How To Build Your Own Question Answering System
In this post, we’ll create a very simple question answering system that, given a natural language question, returns the most likely answers from a corpus of documents.
This represents an easy to follow and low-effort example of a question answering system that can still be of practical use for you own application if you choose to swap in your own dataset or build something more elaborate on top of this. Additionally, the concepts covered here will be useful in later posts when we look at variations of more complex questions answering systems.

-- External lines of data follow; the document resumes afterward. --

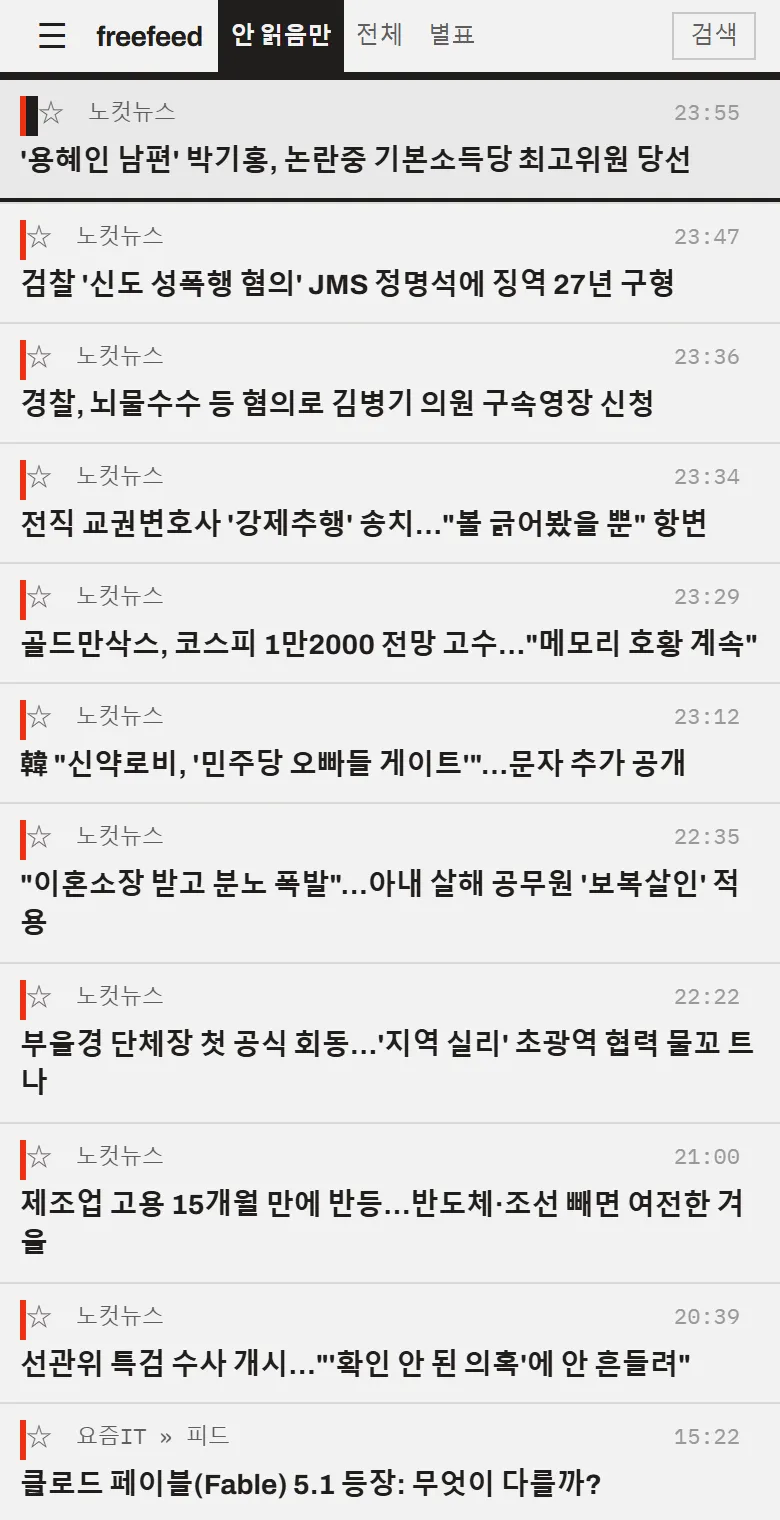 freefeed의 글 목록: 넣어 둔 사이트가 주제별 폴더로 묶여 있고, 그 아래에 글 제목이 최신순으로 놓여 있다
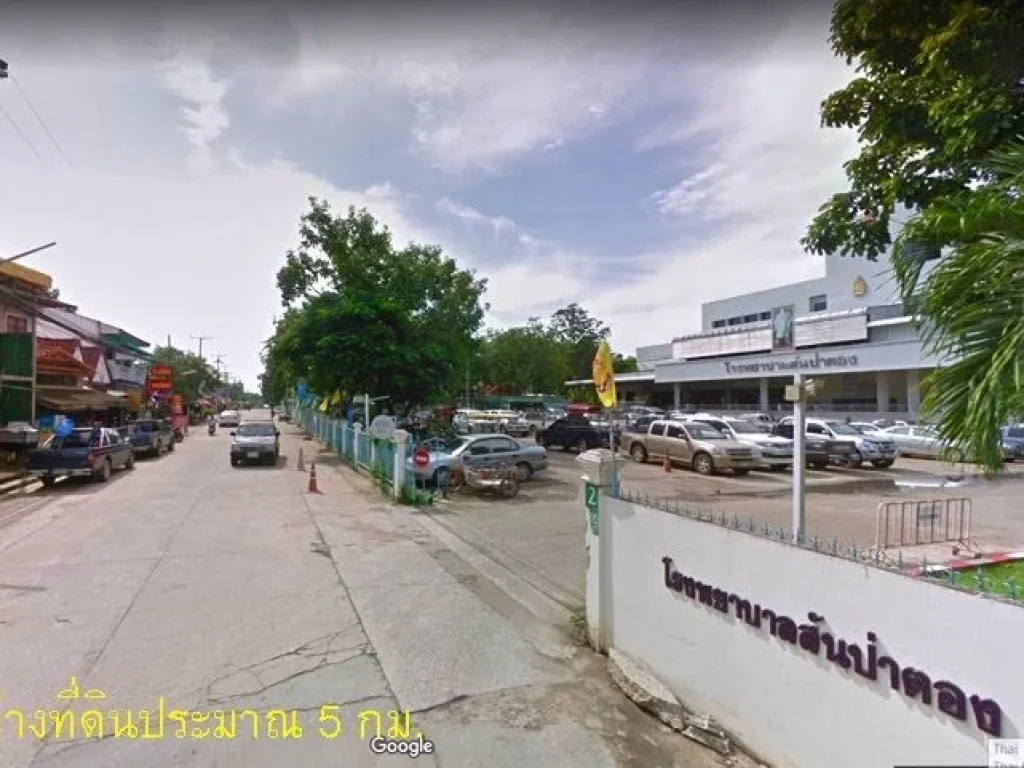 ถูกสุดๆ ที่ดิน 100 ตรว อสันป่าตอง จเชียงใหม่ เจ้าของขายเอง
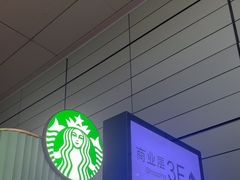 -星巴克(上海虹桥站2A检票口)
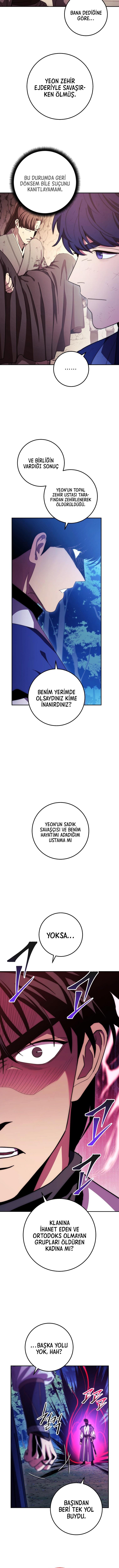 8-cm2xdfr0s0001tt82570od8ls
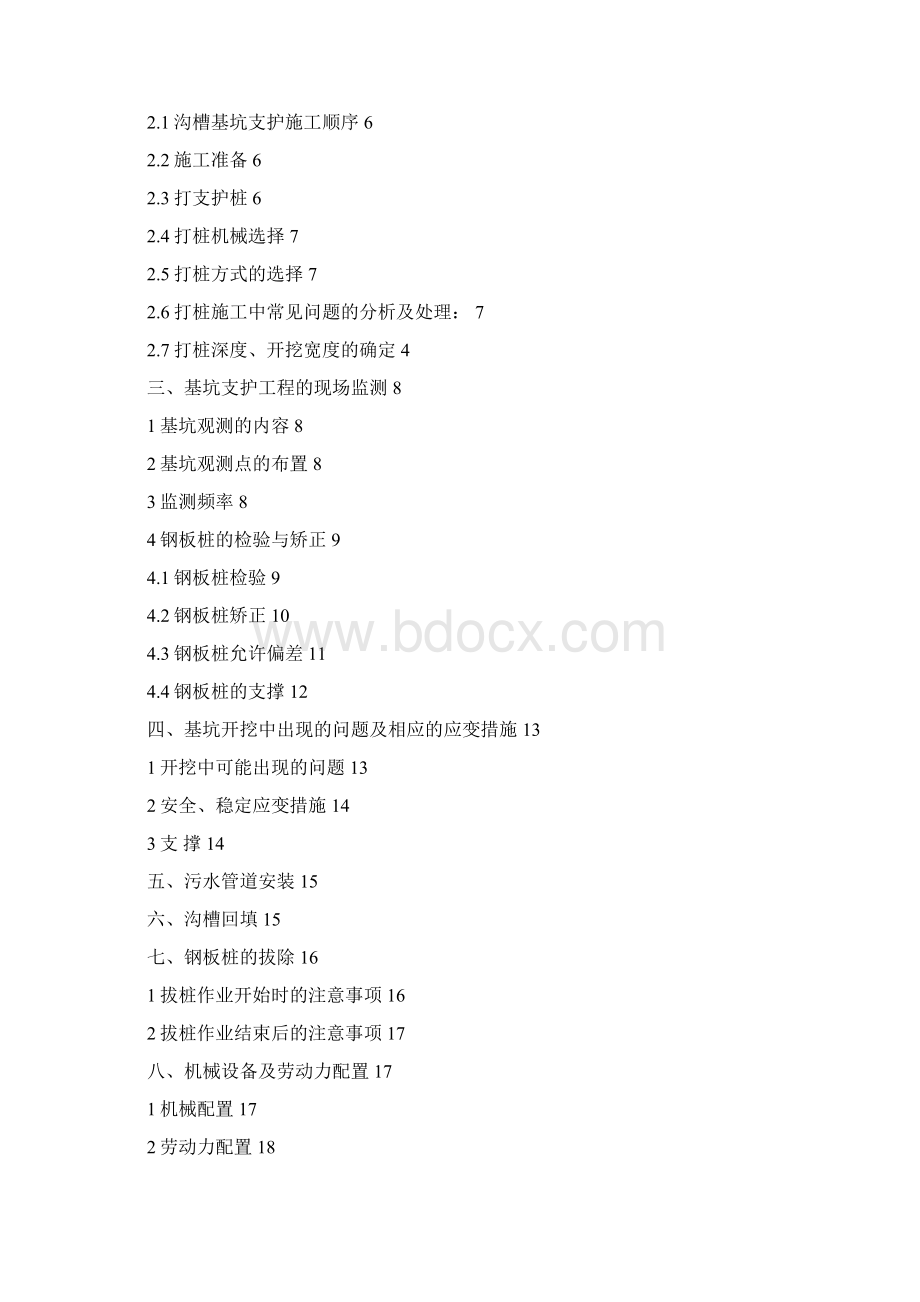 深基坑专项施工方案2文档格式.docx_第3页
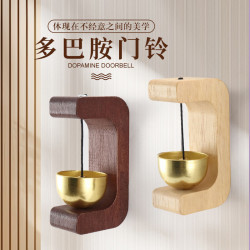 米良品 多巴胺磁吸进门入户风铃挂饰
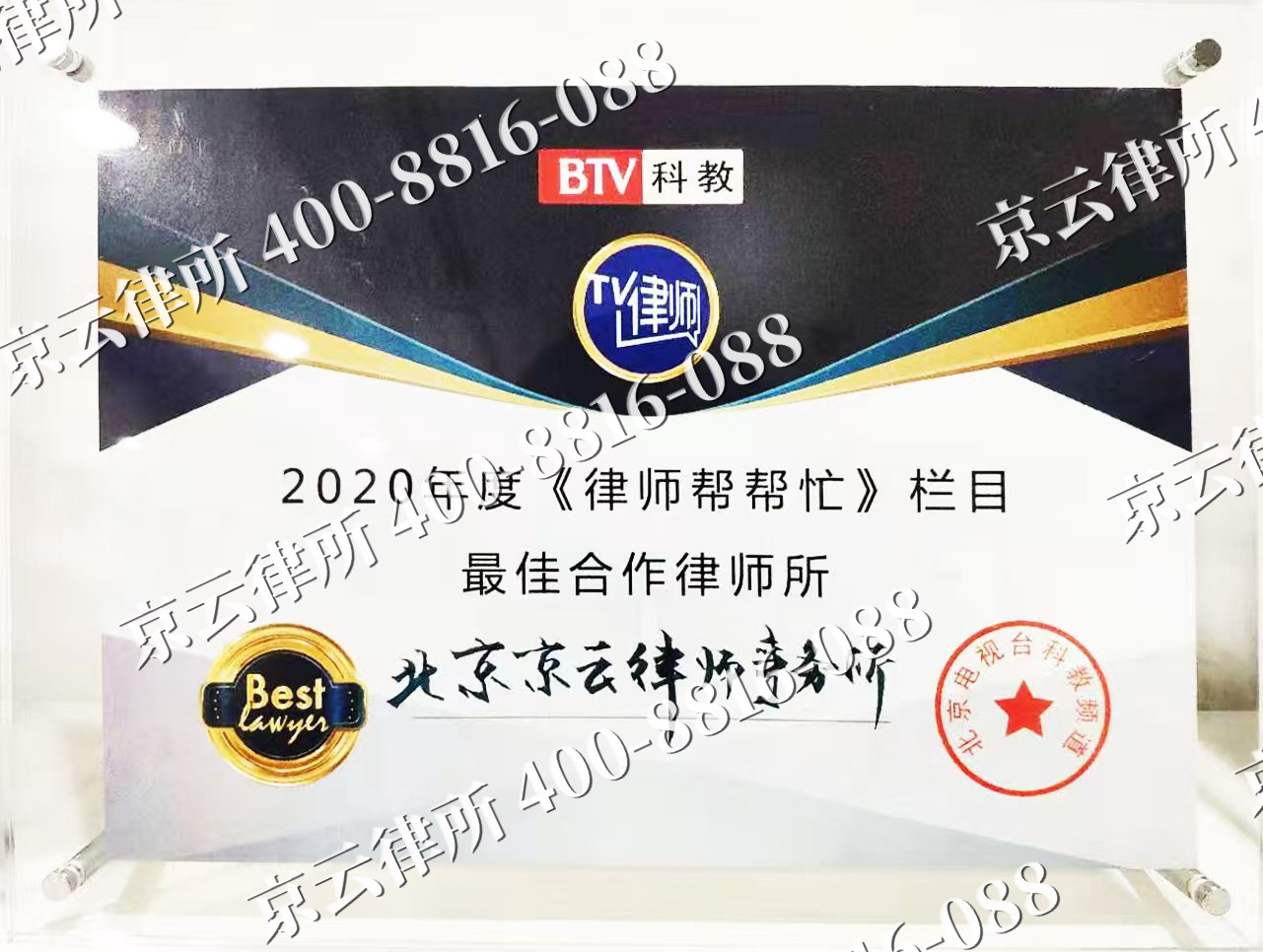 平谷-企业拆迁律师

This tutorial is also available as a Colab Notebook here.
by Nick Ryan
- S1. Question Answering System Architecture
- S2. Setup
- S3. Import Dataset
- S4. TF-IDF Retriever
- S5. BERT-SQUAD Retriever
- S6. Putting It All Together
- S7. Conclusion
S1. Question Answering System Architecture
Our question answering system will take in a natural language question as input and will output natural language as an answer. The system consists of three primary components:
- An external knowledge source to query against
- In general, the knowledge source can be a collection of documents, tables, knowledge graphs, etc. that we are interested in searching through for answers. In our system, any collection of documents will work. For our example we will use the WikiBio dataset containing the first paragraph of thousands of English wikipedia biographies.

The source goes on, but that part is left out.